What follows is the chronological path the work actually took: which layer was probed, what each measurement revealed, and what was fixed or ruled out before moving on. Every measurement ran through the same closed-loop test harness, so the numbers across the story are comparable.

The closed-loop test harness

A pytest-based harness automates the workload. It spawns the main teleop process with profiling on, waits for it to come up, switches the orchestrator into teleoperation mode, sleeps for the measurement window (typically 30 to 120 seconds, ten minutes for the full-system test), terminates the process, and writes a per-segment report next to the new trace file. Three flavours of the test cover three configurations: local in-process, wired remote, and wireless remote. The contract is "produce a report"; a human or agent loop reads the numbers and decides what to change next.

The local baseline took work to become a baseline

The first configuration was the noise floor: leader, orchestrator, and follower all in one Python process, no network. The first runs reported end-to-end max latencies above 10 ms with isolated spikes near 100 ms. That is well above what a no-network path should ever show, and the cause turned out to be the measurement tooling itself. The in-process profiler builds a snapshot every couple of seconds on the event-loop thread, holding the GIL for 100 to 200 ms while it walks the trace and serialises. The 100 Hz publish thread shares that interpreter, so its ticks landed late while the snapshot ran, and the trace then blamed the gap on "operator pipeline".

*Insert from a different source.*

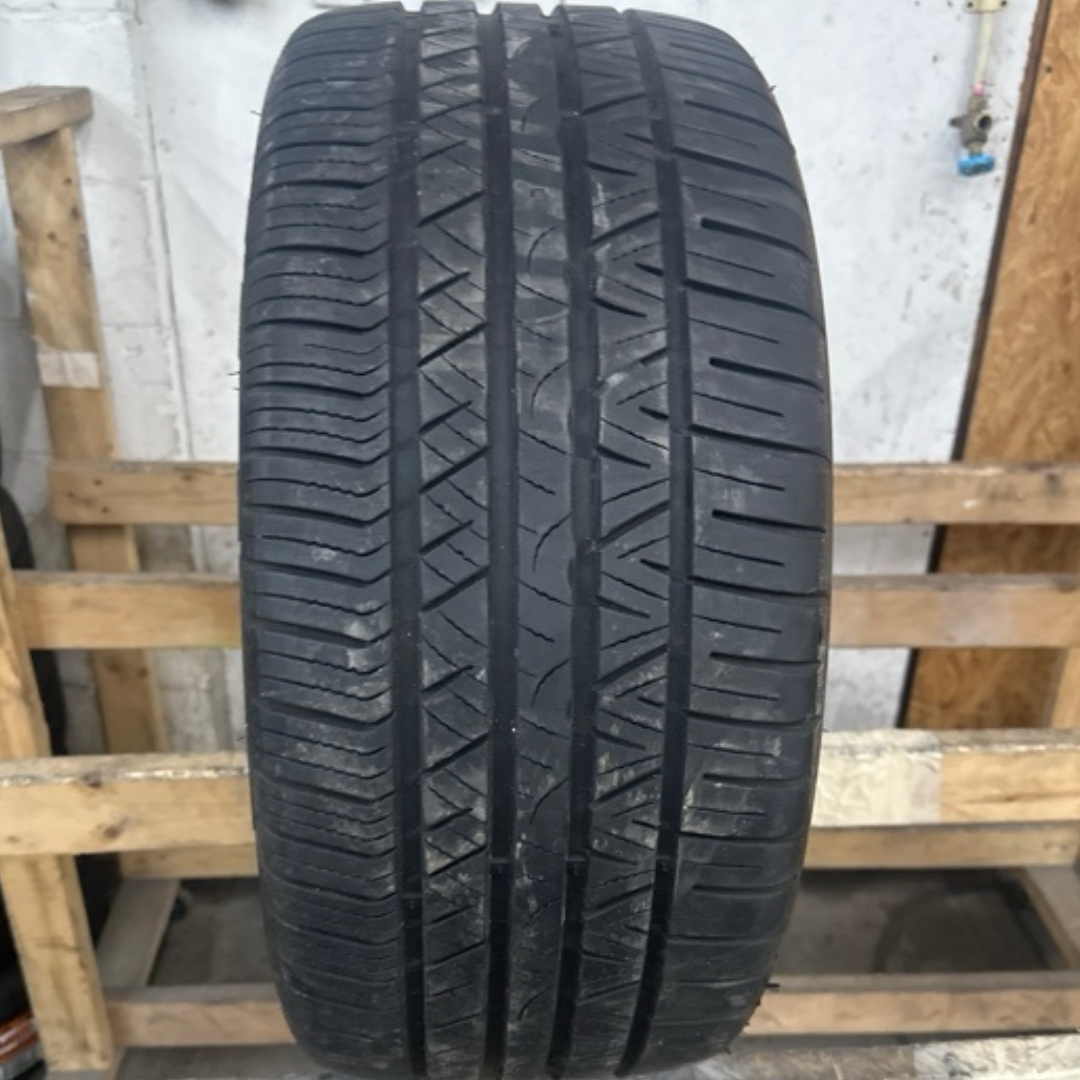 COOPER ZEON RS3-G1 255/35/19 TIRE f0caa666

Three fixes flattened the floor. The profiler was moved into a separate sidecar process so its snapshot work runs on its own GIL and cannot block the publish thread. The CPU frequency governor was switched from powersave to performance so a process that bursts at 100 Hz and sleeps is not served at minimum clock between bursts. And Python's stdout and stderr buffering was disabled in subprocesses, which had been making the harness wait pointlessly on a process that was actually ready but whose readiness line was sitting in a 4 KB buffer. After these changes, the local median is under 2 ms and the max is consistently under 5 ms, with no run-to-run jitter in the maximum. Results from agent run.

Wired Ethernet

With the local floor flat, the next configuration was the same workload over Ethernet to a separate machine.

Metricp50p95p99max
One-way (ms)1.4501.5711.6492.399
Variation (ms)0.0420.1630.2400.953

Zero loss across 6,001 packets. The spread between p50 and max is under a millisecond. Ethernet plus the transport library is essentially deterministic at 100 Hz. Anything that shows up beyond this is the cost of leaving the wire.

Wi-Fi

Same code, same cadence, switched to Wi-Fi.

Metricp50p95p99max
One-way (ms)2.7376.96240.28124.1
Variation (ms)0.1986.11410.38120.8

The medians are within 1.3 ms of Ethernet. The tails are fifty times worse. This is the moment the rest of the work became necessary: the median says one thing, the tail says another, and on Wi-Fi the tail is what the operator feels. Localising the 120 ms was the next several hypotheses.

Suspect 1: the protocol

The first hypothesis was TCP. On a lossy link, a single dropped segment forces TCP to wait for retransmission and head-of-line-blocks every later packet behind it. A second transport was added in parallel, a raw UDP path with the same wire format as the ZMQ one (described in §4), and the two were run back to back across several Wi-Fi sessions. They came out indistinguishable to within the noise of the test. Neither was consistently better than the other. Protocol-level behaviour was not the source of the Wi-Fi tail.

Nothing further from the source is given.